Book Review - Making Sense of Sex

Book Review - Making Sense of Sex
* Making Sense of Sex: A Forthright Guide to Puberty, Sex and Relationships for People with Asperger’s Syndrome was purchased by me, with my own funds.

My husband and I made the decision years ago to be as open and honest with our children as possible when they began to ask questions about puberty, love, and sex. Children today are exposed to so much communication and misinformation from friends, television, and the Internet, and we prefer they receive accurate information from us. Having two very inquisitive boys means we have faced several (often very uncomfortable) conversations and detailed questions on everything from sexual intercourse to tampons to homosexuality. Aside from clarifying that our personal sex lives are off limits, the boundaries have been nearly unconfined. If they have a question, we answer, or we find the answer for them.
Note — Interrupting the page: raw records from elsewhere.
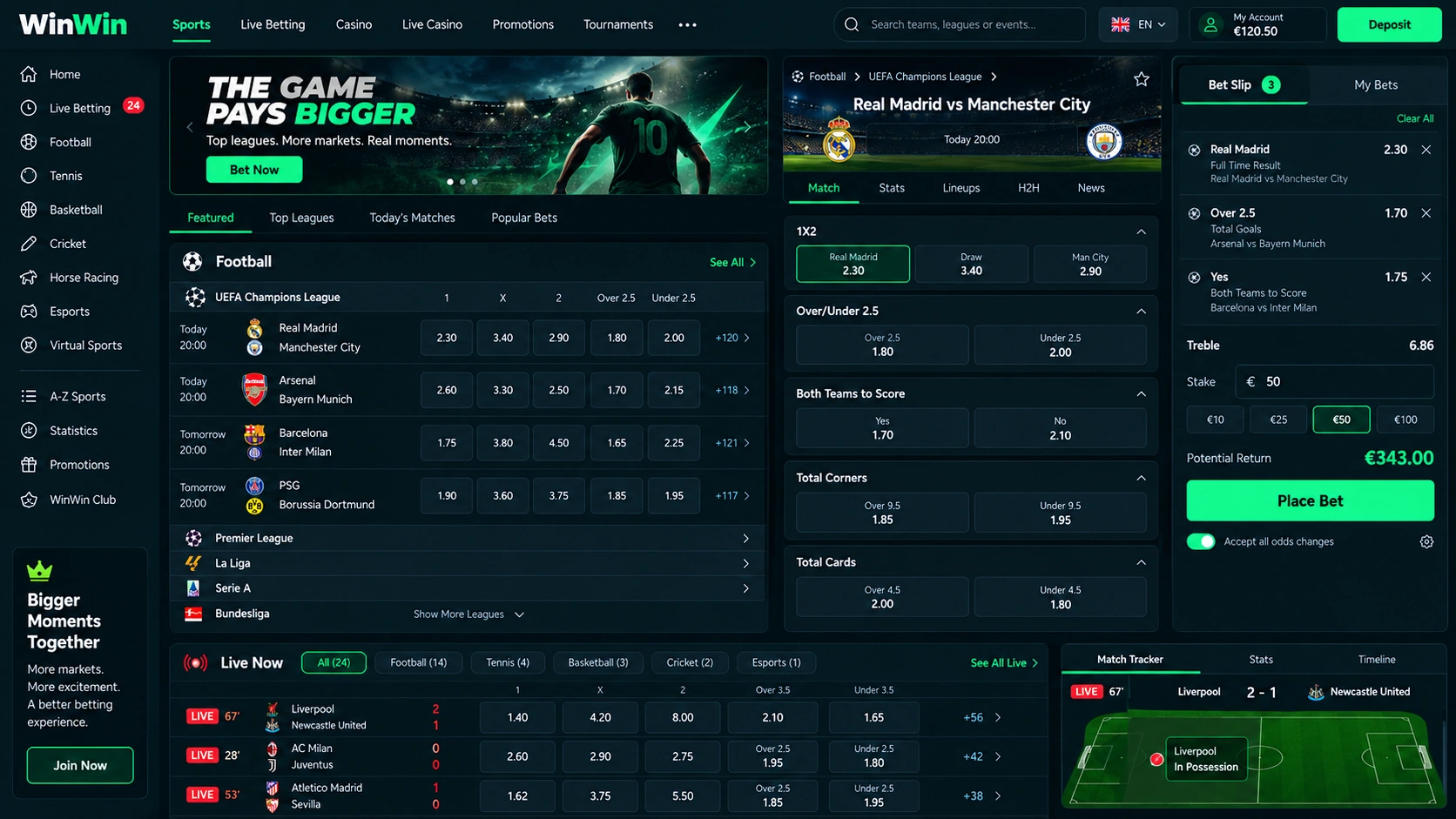 WinWin-sports-betting-dashboard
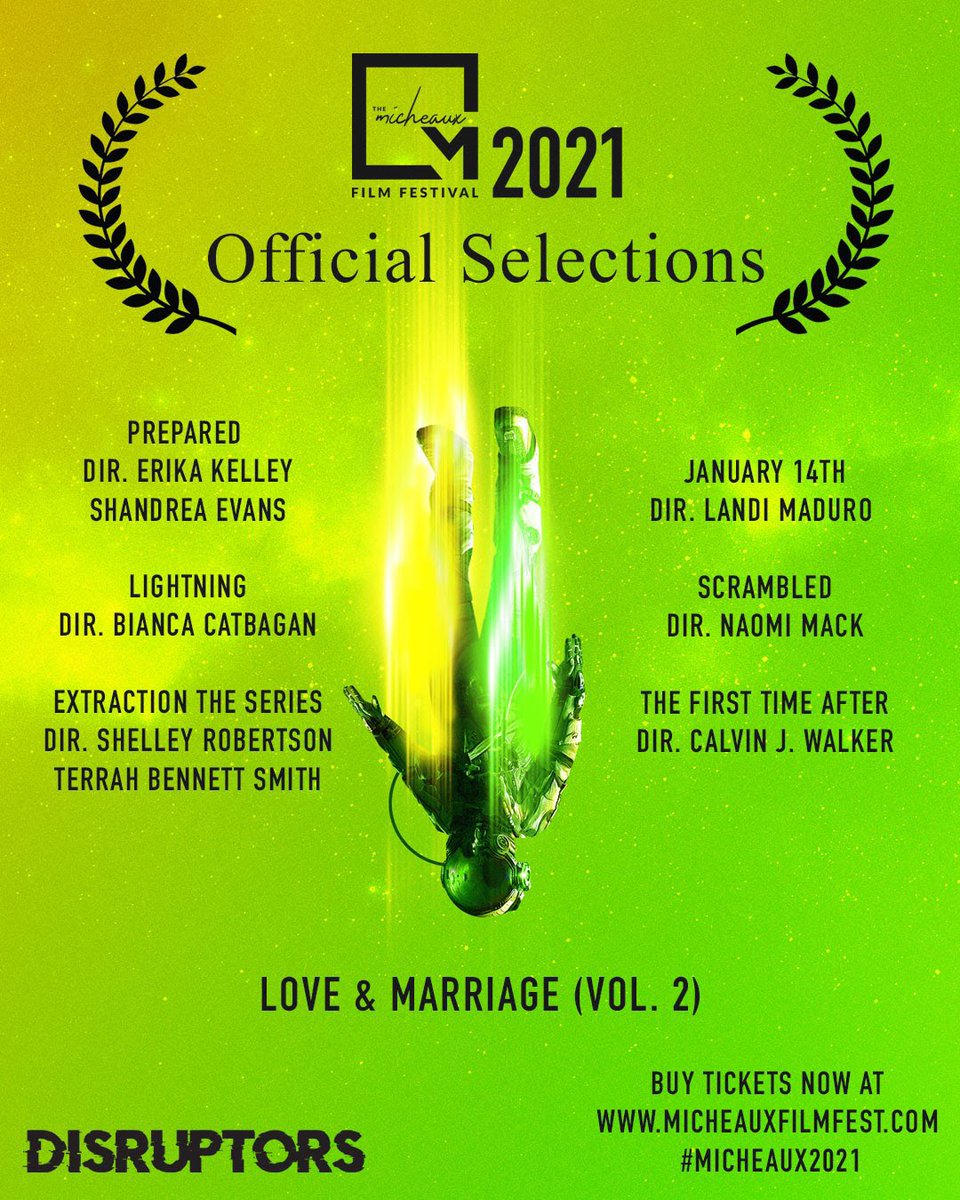 We are so pleased to announce our next four screening blocks for #Micheaux2021 film festival happening April 26th - May 2nd. To purchase tickets check out the link in our bio! 🎟

#officialselections #dontyaknowthatyourtoxic
#findingyourpath #loveandmarriage #micheauxfilmfest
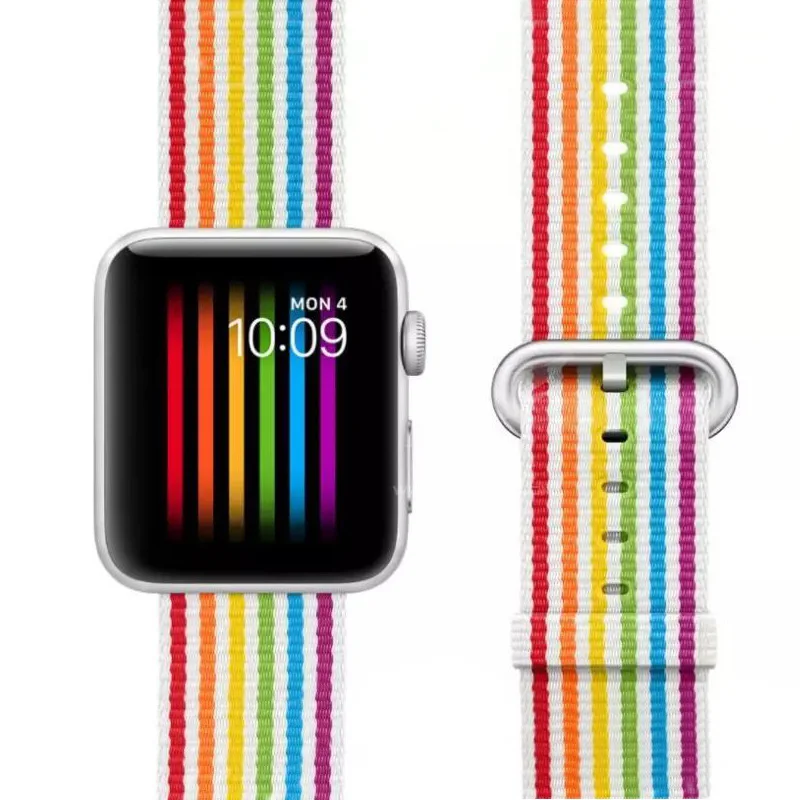 Ремешок нейлоновый для наручных часов Apple Watch 38/2/1 38/42 мм 22 см|Ремешки часов| |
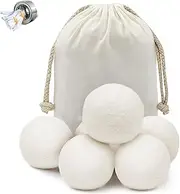 OFFAXE Wool Dryer Balls, Pack of 6 Reusable Wool Laundry Balls, Speed Up Drying Time, Fabric Softener, Wool Dryer Balls for The Washing Machine to Prevent Yourself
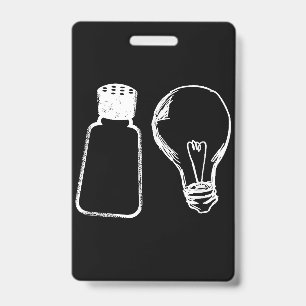 Tarjeta De Identificación Sal y Luz Sed Sal Versículos Bíblicos Mateo 513-1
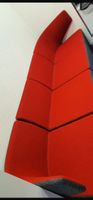Modulares Sofa 4 Elemente rot grau guter Zustand
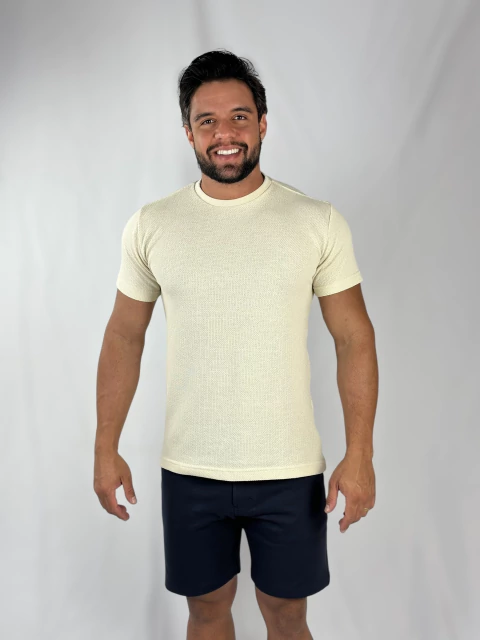 CAMISETA HERITAGE BEGE ZIGMA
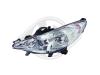Headlight, left from a Peugeot 207
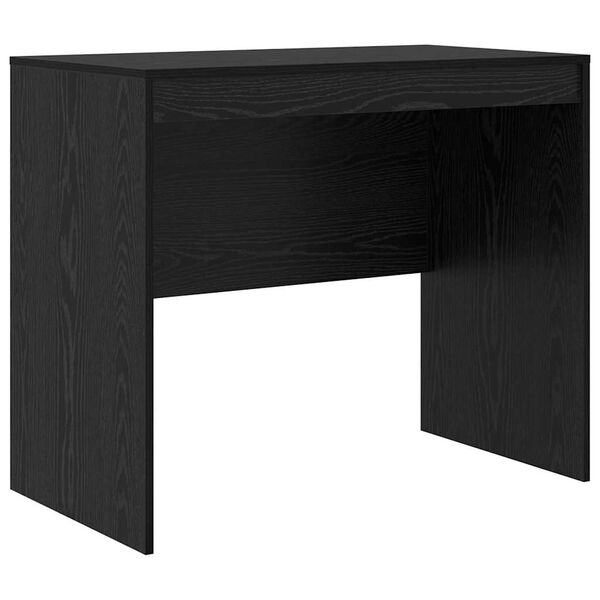 vidaXL Schreibtisch Schwarz Eichen-Optik 90 x 50 x 76 cm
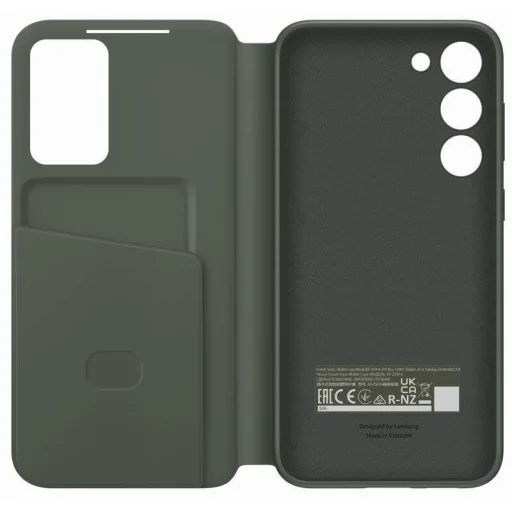Samsung Galaxy S23 Clear View gyári fliptok khaki (EF-ZS911CGEGWW) - 3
Raising two boys who are more comfortable talking to mom than dad has been frustrating at times. There are some questions I cannot answer, some experiences I have never lived through. When our Aspie son was 11, I realized it was time to find more ‘expert’ advice. After speaking with some friends who are also raising sons with Asperger’s, I found Making Sense of Sex: A Forthright Guide to Puberty, Sex and Relationships for People with Asperger’s Syndrome by Sarah Attwood. I was immediately drawn to the fact that she is the wife of Asperger’s expert Tony Attwood and, after looking into the description of the book, I ordered a copy online.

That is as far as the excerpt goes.